*** Data shown Section Begins ***
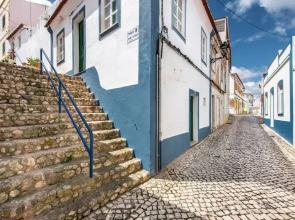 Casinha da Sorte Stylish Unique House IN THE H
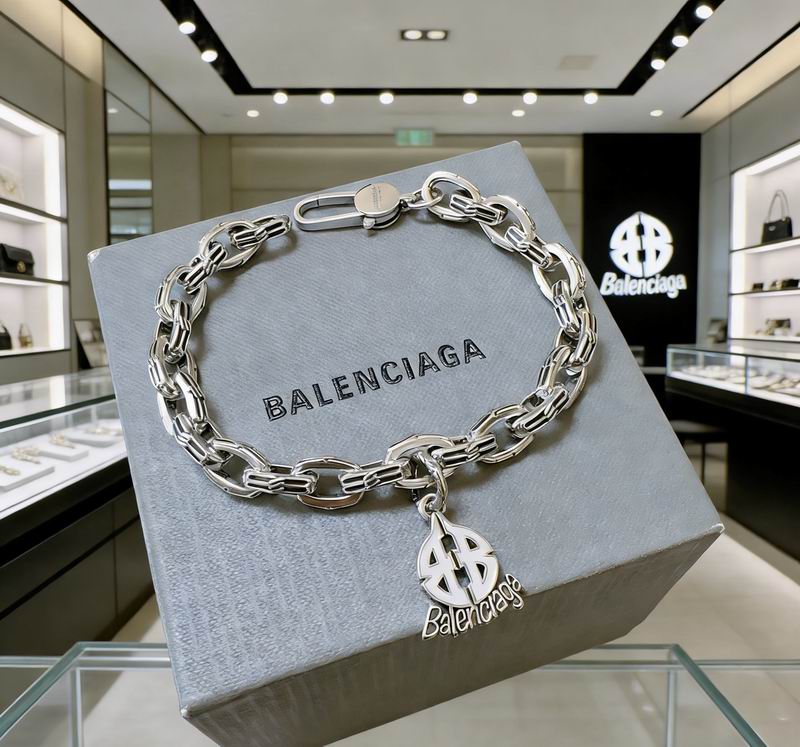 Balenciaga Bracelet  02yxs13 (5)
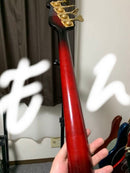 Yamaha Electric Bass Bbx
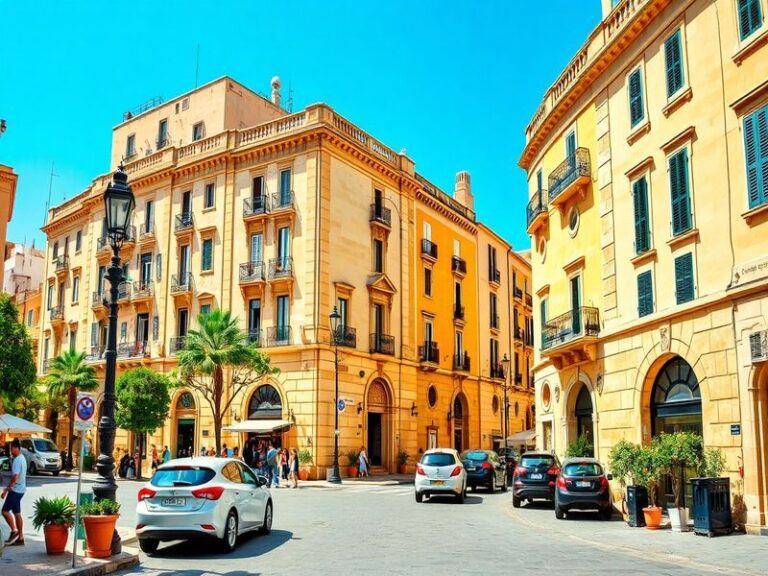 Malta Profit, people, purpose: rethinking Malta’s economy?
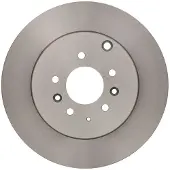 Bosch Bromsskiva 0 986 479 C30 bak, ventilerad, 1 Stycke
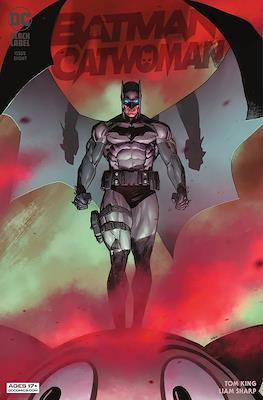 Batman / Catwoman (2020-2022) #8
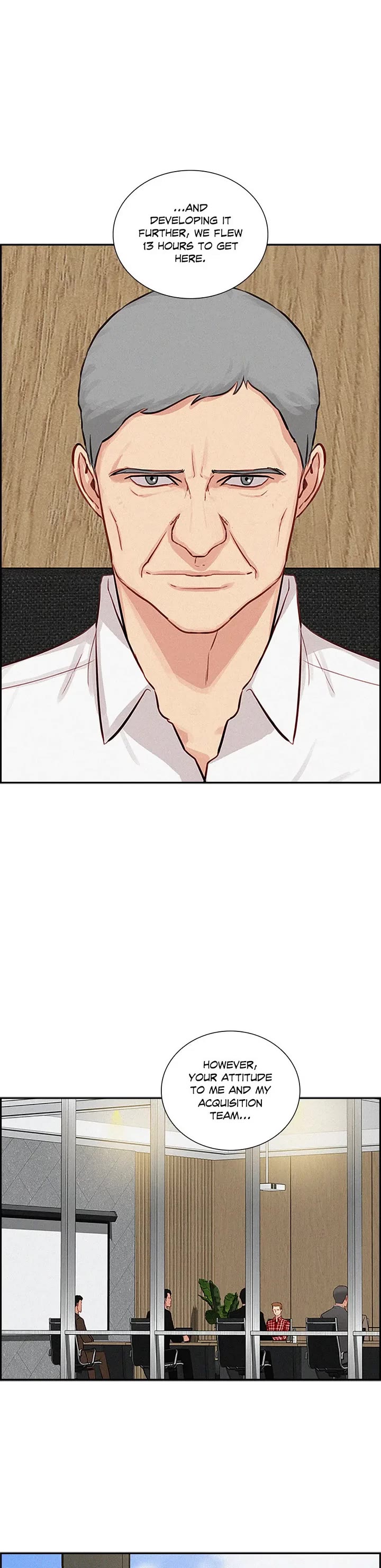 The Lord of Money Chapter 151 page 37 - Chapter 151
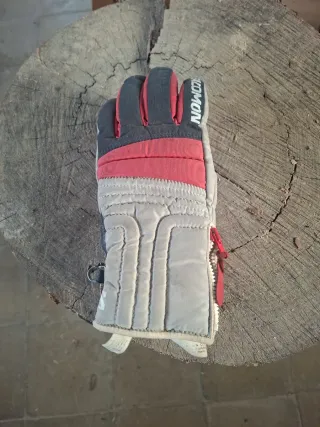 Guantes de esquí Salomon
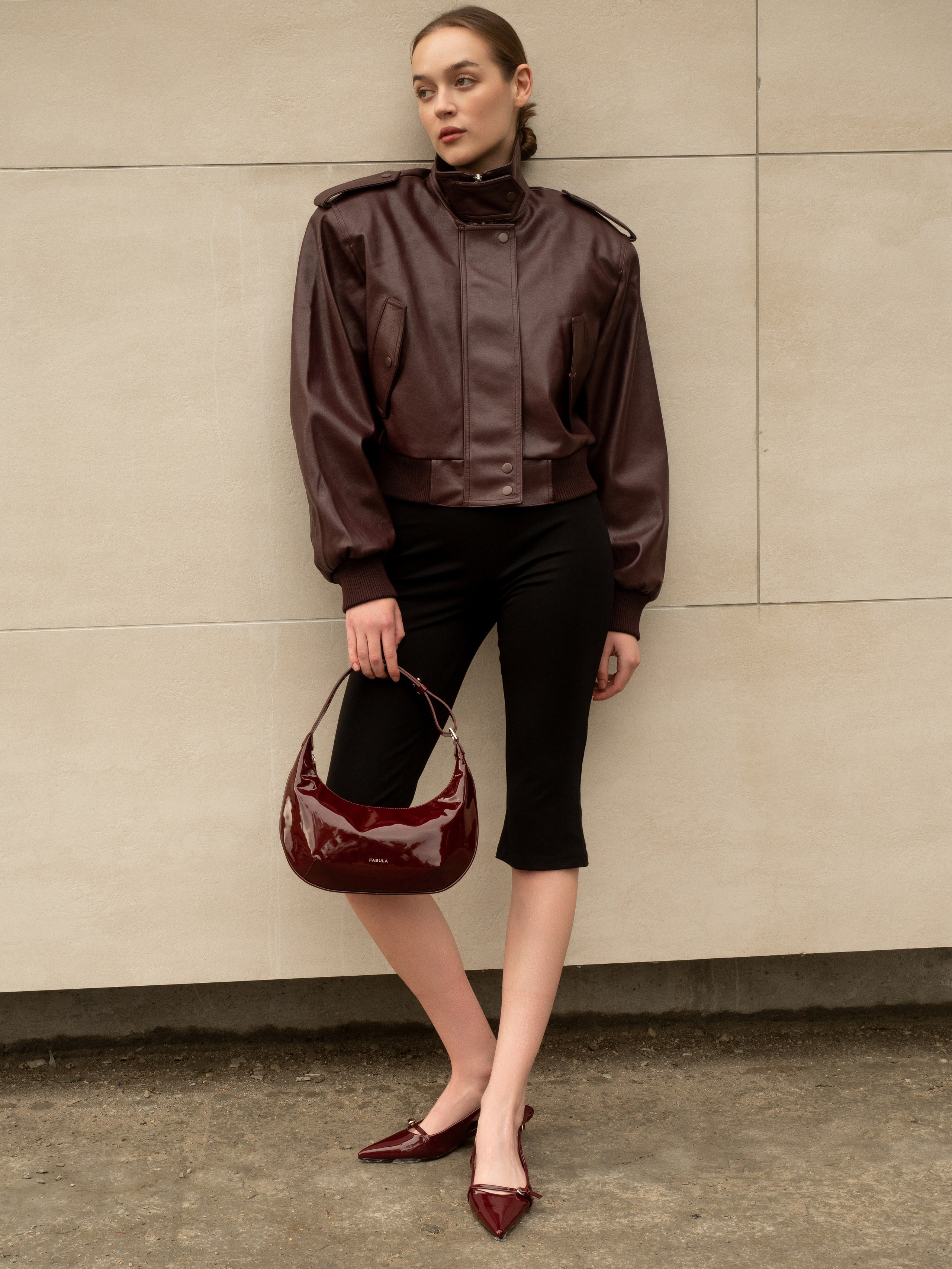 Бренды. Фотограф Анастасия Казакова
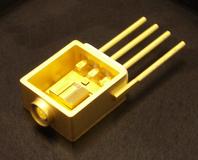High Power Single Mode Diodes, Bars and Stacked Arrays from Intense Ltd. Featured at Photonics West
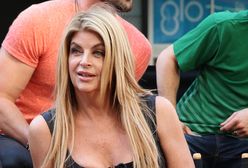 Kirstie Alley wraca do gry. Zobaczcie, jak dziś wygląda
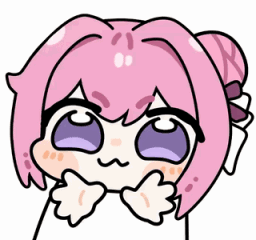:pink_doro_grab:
*** Data shown Section Ends ***
■ **Exercise aim**:
Transcribe exactly the lines that go from the one holding "Kirstie Alley wraca" through the last line of the entries, both included, and nothing besides them. Do not include any pictures.

■ **Problem solution**:
 Kirstie Alley wraca do gry. Zobaczcie, jak dziś wygląda
:pink_doro_grab:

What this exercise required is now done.